**TASK BRIEF**
Exclude the pictures. Transcribe, exactly as written, the lines from the one with "Sea Doo Bombardier" through the end of the entries below.

Crawled caption data:
▶

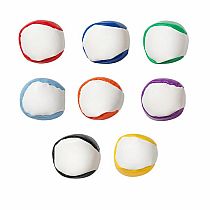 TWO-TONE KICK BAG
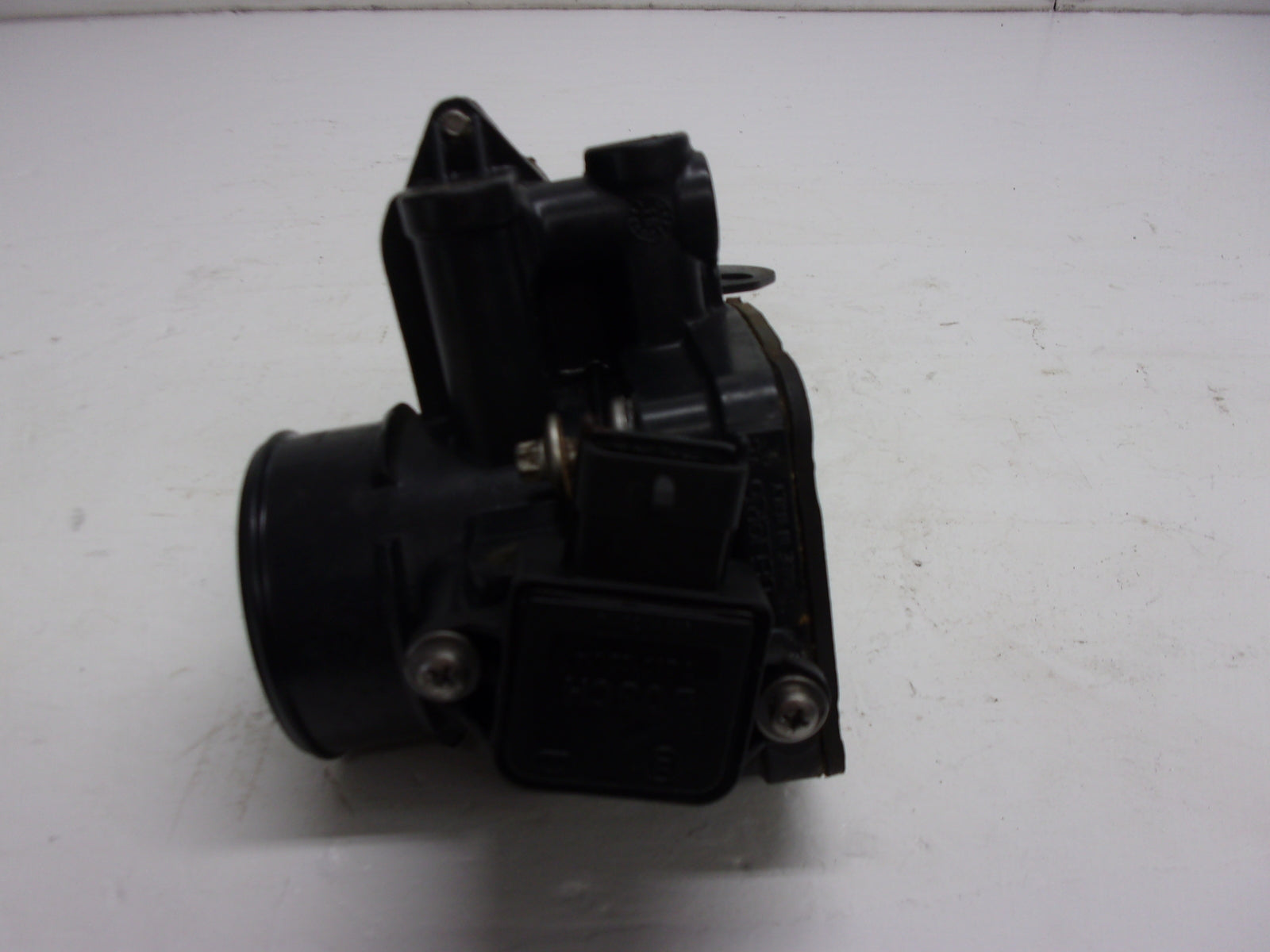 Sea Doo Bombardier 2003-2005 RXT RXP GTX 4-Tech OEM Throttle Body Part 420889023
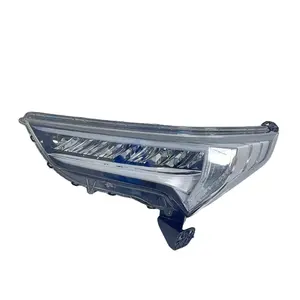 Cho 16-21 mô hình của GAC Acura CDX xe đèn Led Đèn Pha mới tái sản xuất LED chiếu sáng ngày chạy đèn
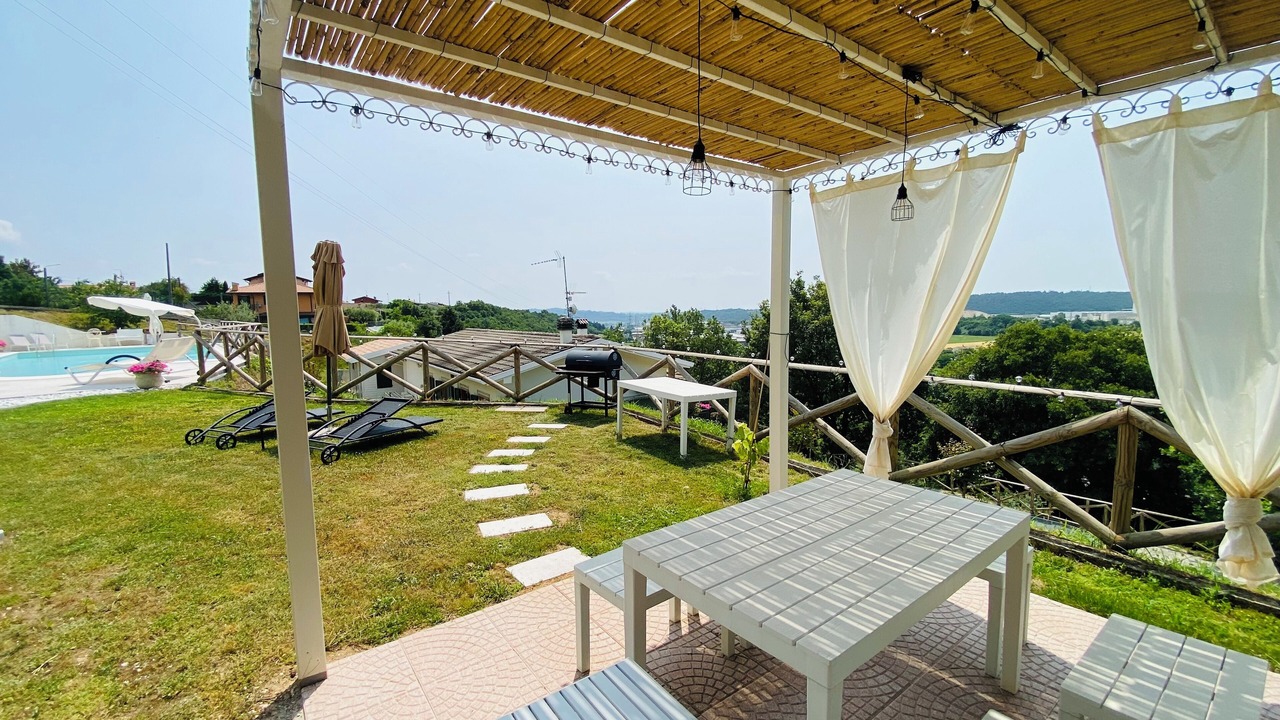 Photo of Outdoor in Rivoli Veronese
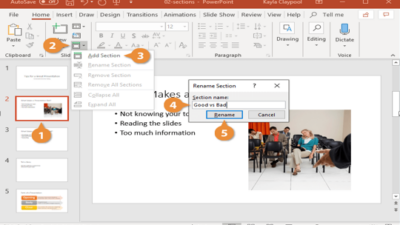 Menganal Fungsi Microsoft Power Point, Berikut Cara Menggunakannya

◀

**RESULT**
 Sea Doo Bombardier 2003-2005 RXT RXP GTX 4-Tech OEM Throttle Body Part 420889023
 Cho 16-21 mô hình của GAC Acura CDX xe đèn Led Đèn Pha mới tái sản xuất LED chiếu sáng ngày chạy đèn
 Photo of Outdoor in Rivoli Veronese
 Menganal Fungsi Microsoft Power Point, Berikut Cara Menggunakannya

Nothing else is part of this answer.